There’s a reason why chat is the best interface to today’s generative AI and language models, even though it is slow, takes more effort, and makes mistakes. Chat is disambiguation.

Disambiguating tasks

The o1 model can now solve some of the world’s most difficult math problems. Even professional mathematicians look at the test questions outside their narrow sub-domain and start sweating. OpenAI and other AI labs focus on math problems specifically because they are some of the most difficult and self-contained problems that exist. Similarly, the Center for AI Safety has been paying $5,000 across all disciplines for problems that AI cannot solve. We must face up to the fact that today’s AI can solve any well-defined and self-contained tasks better than 99th percentile humans.

You might want to quickly disagree, but let me point out that those words “well-defined” and “self-contained” do a lot of heavy lifting in that statement. By “self-contained,” I mean that the task does not require any information that is not contained within the prompt. “Well-defined” means that there is no room for ambiguity in measuring success of the task. Math problems are great for this, with formal logic in both the question and the answer, making misunderstanding literally impossible.

The rest of our work is harder to define than mathematics. Poorly defined tasks leads to AI slop.

The cause of AI slop

I asked Copilot to write a blog post titled “Why Chat is the Best (and Worst) Interface to AI”. If you’re a regular AI user, you’ll recognize the style of the extremely average opening paragraph:

And why does Copilot with a billion-dollar model give such an average paragraph? Because I asked for an average paragraph! I didn’t specify anything about how to write it, making an average result exactly the most accurate answer. LLMs are trained to give this kind of wordy, answered-but-not-answered result unless you say more about what you want. Not only is this the cause of AI slop, but it also causes the failure of most tasks. Carefully and sufficiently specifying tasks precisely — at least outside the realm of mathematics — is extremely difficult. You could learn effective prompt engineering, but the chat interface provides a faster and more natural way.

Chat is disambiguation

I gave Copilot some more instructions — things I liked and things I didn’t like. I made it a little more clear what argument I was making, in just a few turns and a few seconds. One of the paragraphs is not bad (if not exactly what I would write):

Despite these hiccups, chat interfaces have a powerful tool up their sleeve—disambiguation through conversation. By asking follow-up questions and engaging in a back-and-forth dialogue, AI can gradually narrow down what you actually need. This iterative process helps clear up ambiguities and leads to more accurate outcomes. It’s like having a helpful assistant who asks for more details when things aren’t clear, making sure they get it right in the end.

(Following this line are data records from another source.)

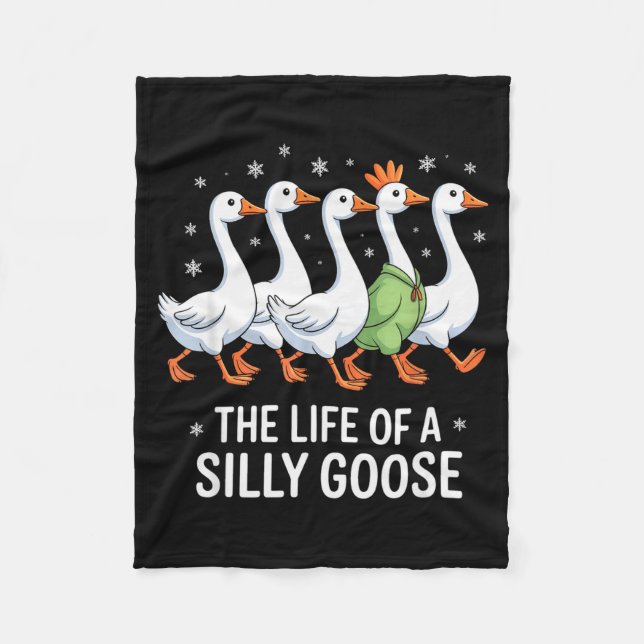 Manta Polar The Life Of A Silly Goose Funny Whimsical Animal J (Anverso)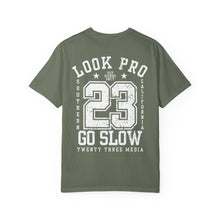 Load image into Gallery viewer, Look Pro Go Slow Uni Unisex T-shirt - Comfort Colors

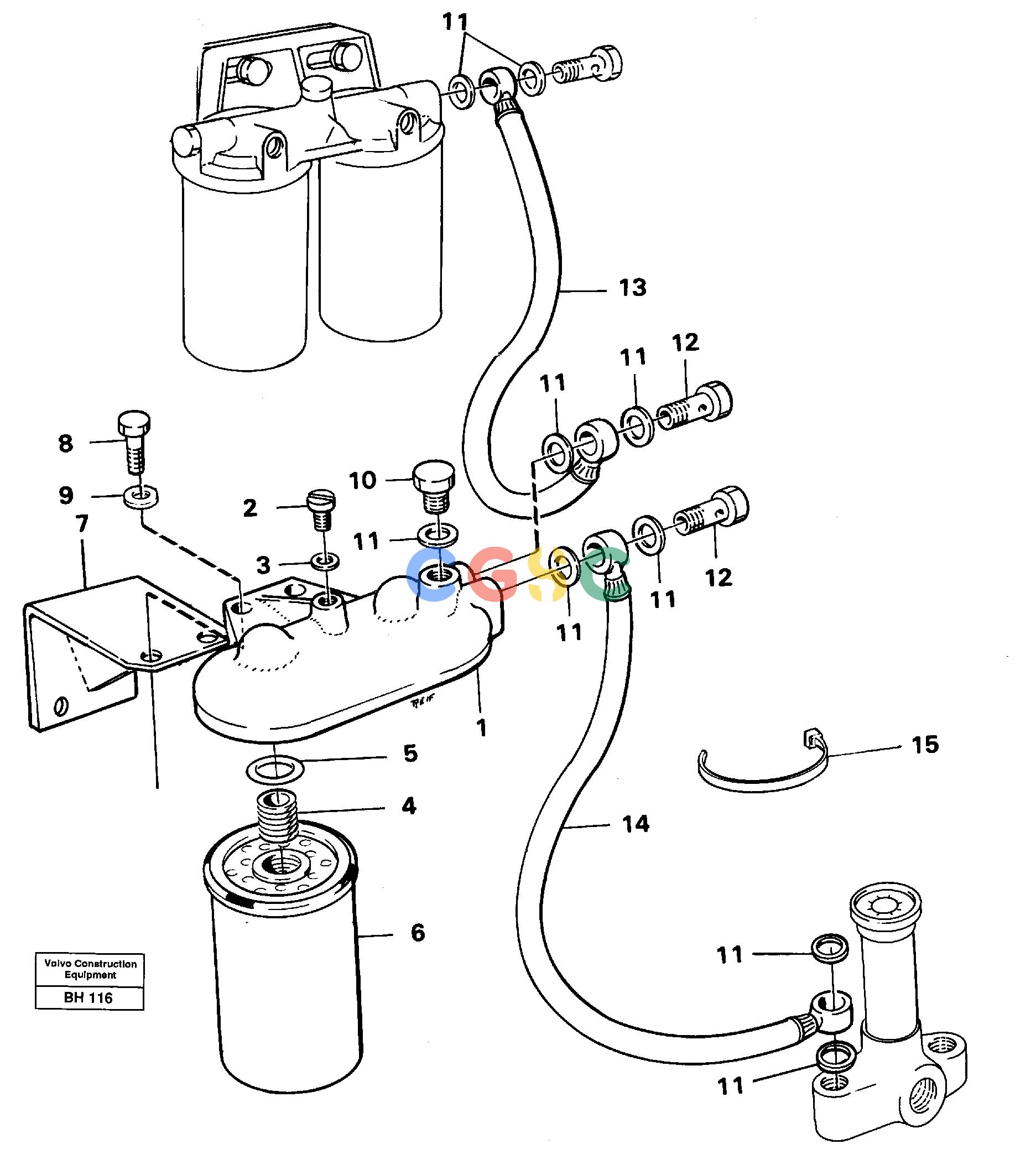 沃尔沃零件查询A20C VOLVO BM Extra fuel filterVOLVO BM A20C SER NO - 3051 NoneNone90520Autodata Volvo online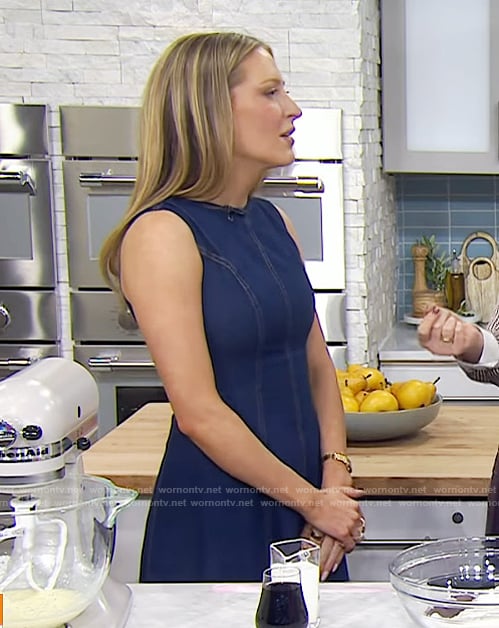 Sarah Fennel’s sleeveless denim dress on Today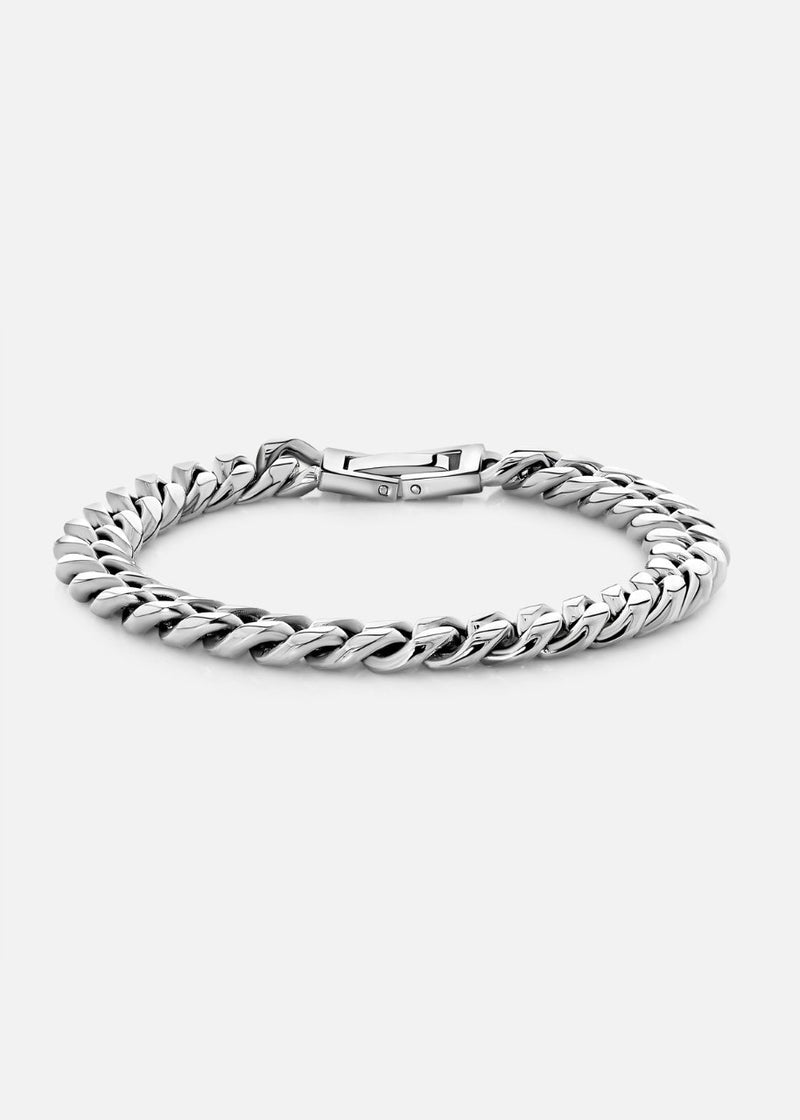 Cuban Bracelet. - (Silver) 8MM - ICEBOYS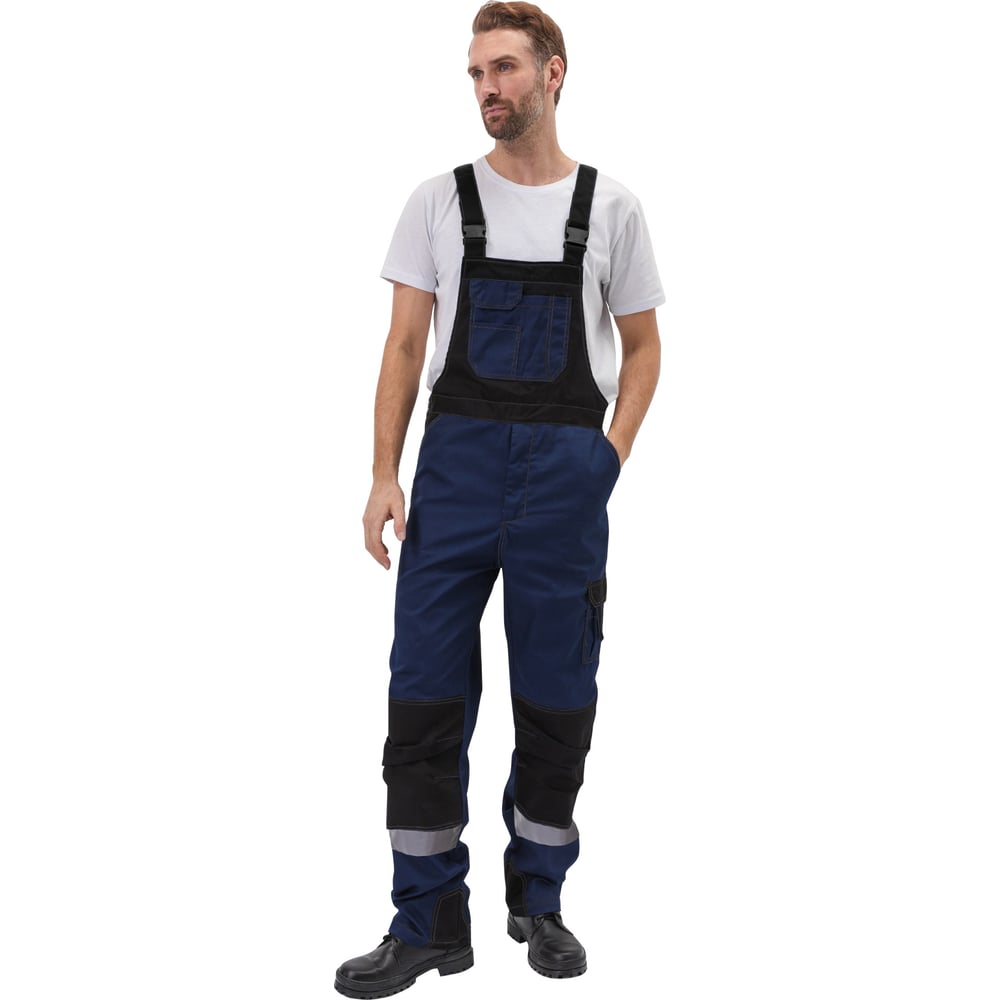 Изображение товара Полукомбинезон URSUS РОЛЬФ цвет: т. синий/черный тк. ТВИЛ-250 ПОЛ123-т.синий/черный; 52-54, 182-188 ПОЛ123 - Т.СИНИЙ/ЧЁРНЫЙ/52-54, 182-188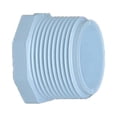 thumbnail image 1 of 31805 PVC Pressure Pipe Plug, White PVC, 1/2-In. - Quantity 10, 1 of 2
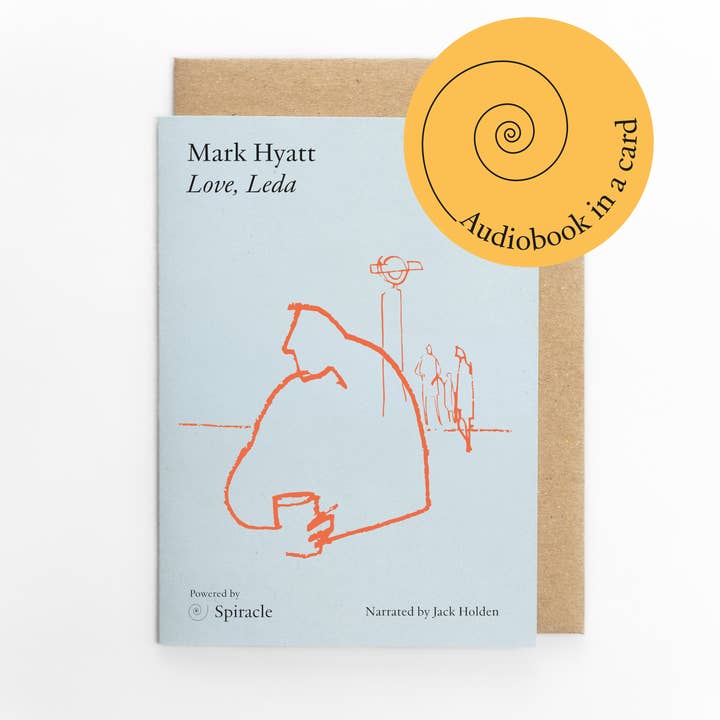 Audiobook in a Card: Love, Leda by Mark Hyatt for wholesale by Spiracle Audiobooks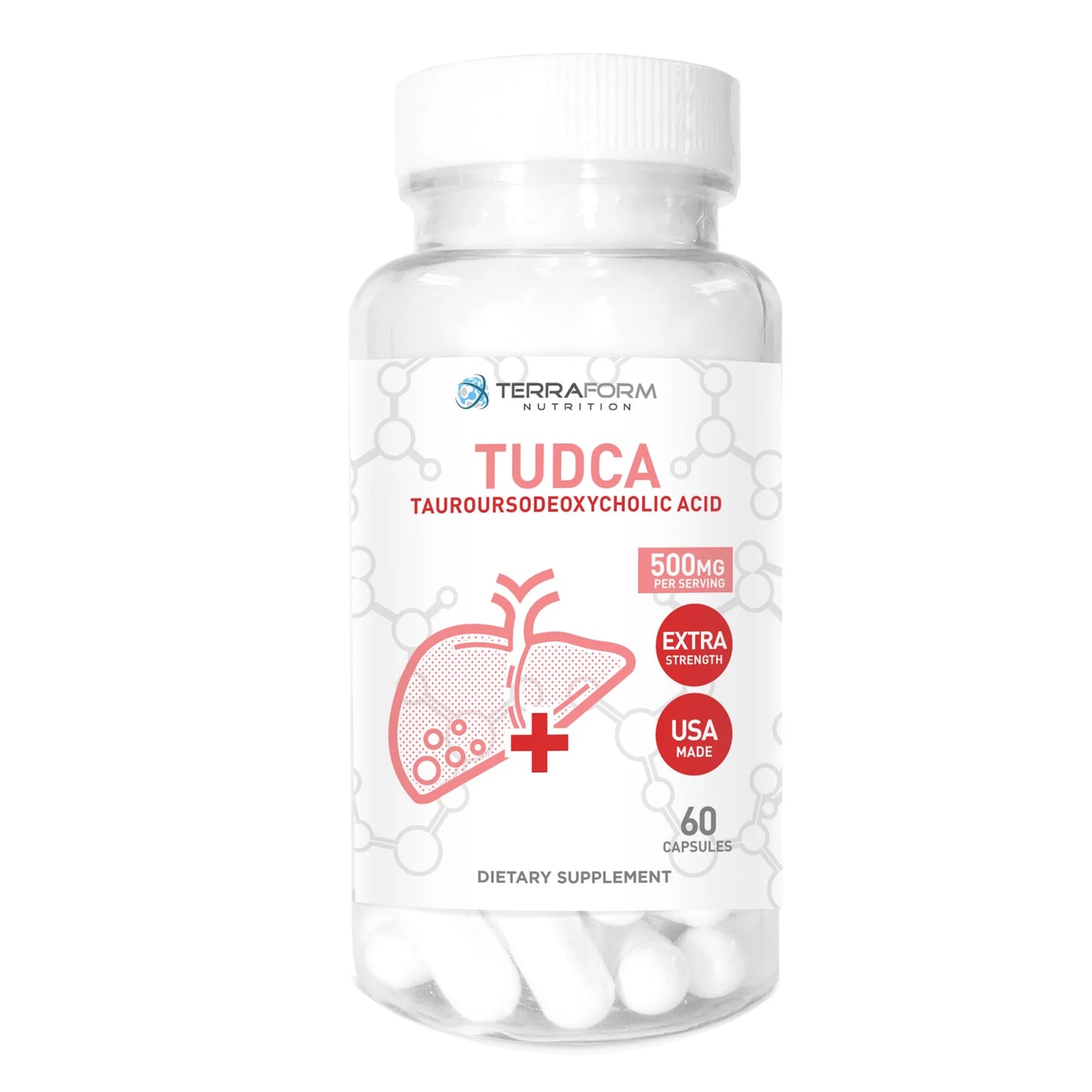 (2 Pack) TUDCA (Tauroursodeoxycholic Acid) - 500mg - 120 Capsules - Help Supports Liver Health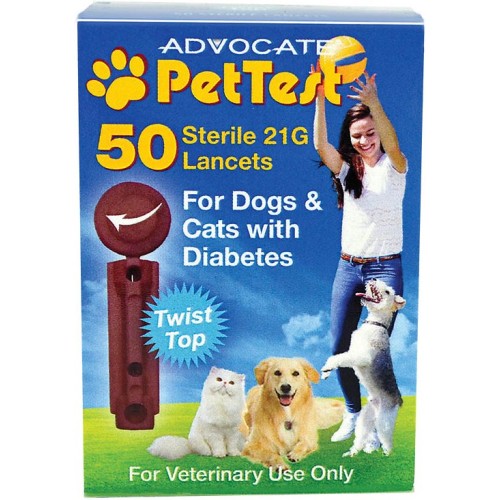 Advocate PetTest 21 Gauge Twist Top Lancets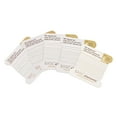 thumbnail image 7 of The Beadsmith Pure Silk Cord – White Color, Assorted Sizes 2, 4, & 6, Five Cards, Needles Attached, 7 of 7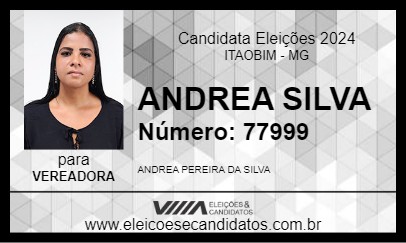 Candidato ANDREA SILVA 2024 - ITAOBIM - Eleições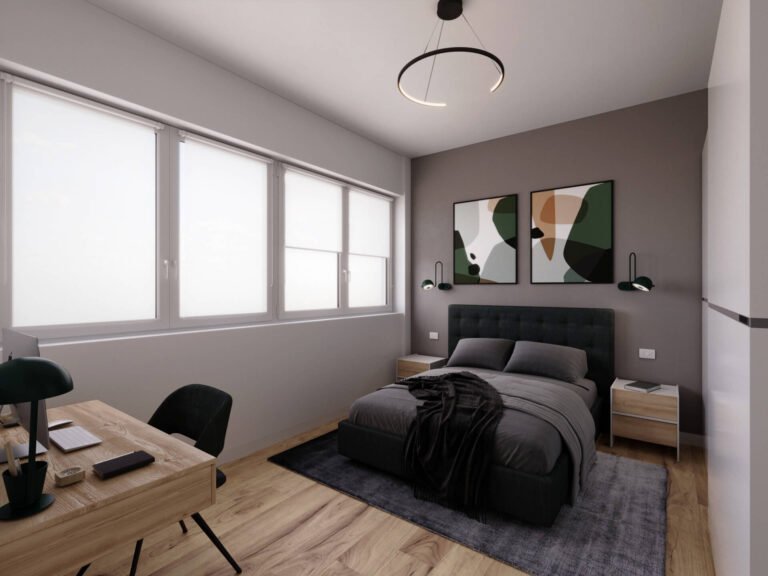 render seconda camera studio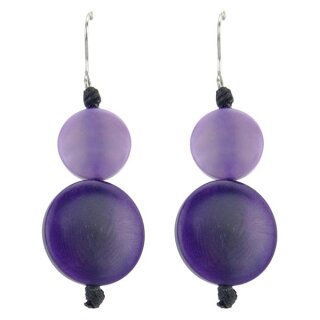 Tagua-Ohrhänger SMARTY violett-lila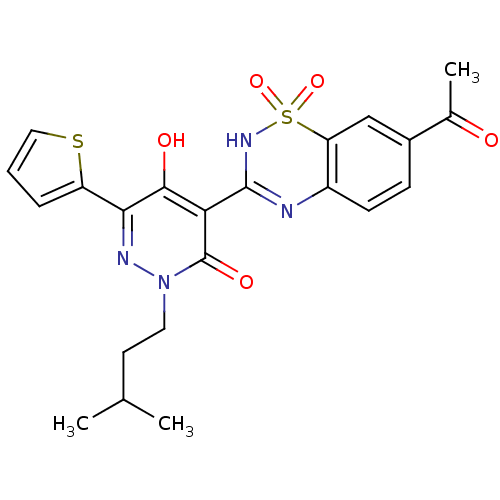 Chemical structure of BindingDB Monomer ID 30443
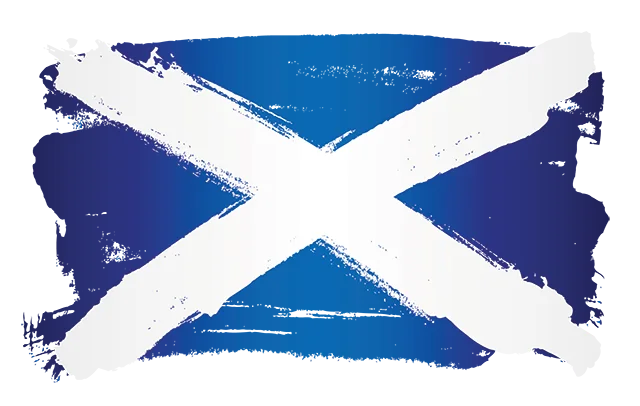 Scotland flag - the saltire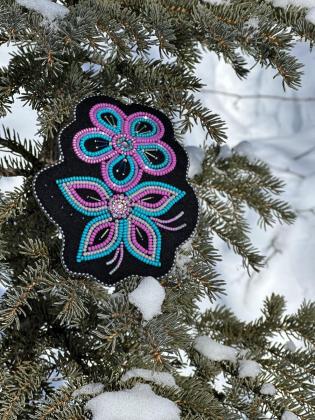 beaded hair piece 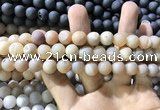 CAA1312 15.5 inches 10mm round matte plated druzy agate beads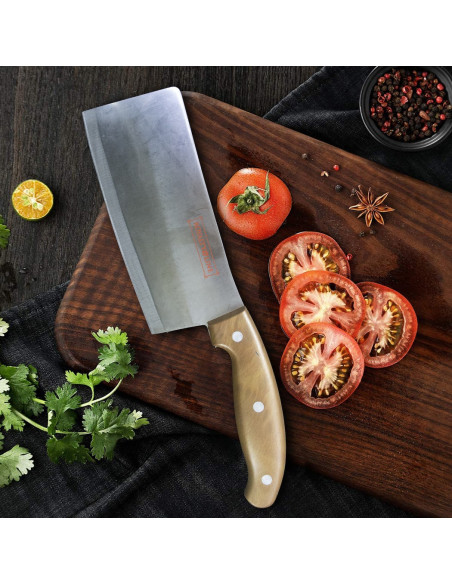 Set 9 Couteaux de Cuisine avec Étui Professionnel en Acier Inoxydable Polyvalent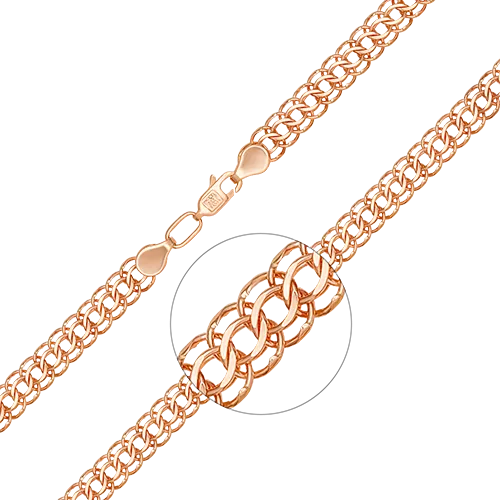 Браслет из красного золота (плетение «Питон») 22-2803-060-1110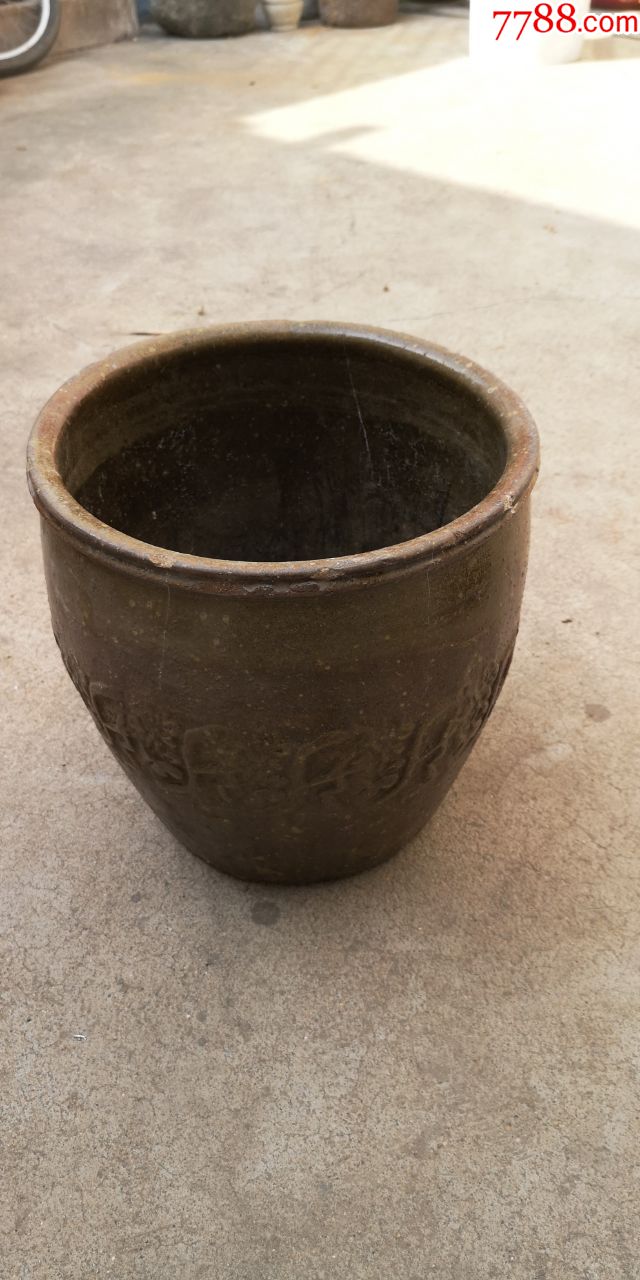 清末民国小水缸卷缸可养鱼种花放书卷画册等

I could easily write a whole post this way, correcting and improving Copilot’s output through conversation. Conversation is a natural human skill. It’s our primary means of communication, built into us by genetics, formal schooling, and especially daily use. We’re good at it! When someone doesn’t understand us, we clarify. If we hear the wrong thing, we correct and say it more clearly.

Because so much of the training data is also conversation, LLMs are great at conversation too. Ironically, they are not as naturally good at instruction-following. In other words, they respond better to conversation than they do to carefully engineered prompts. You will get much more useful results by iterating through a conversation than with Markdown and that “100 best prompts cheat sheet.”

Despite all of the very real problems with chat as an interface, its usefulness to clearly define tasks through multiple turns of conversation is unmatched. It is, so far, the best interface to AI.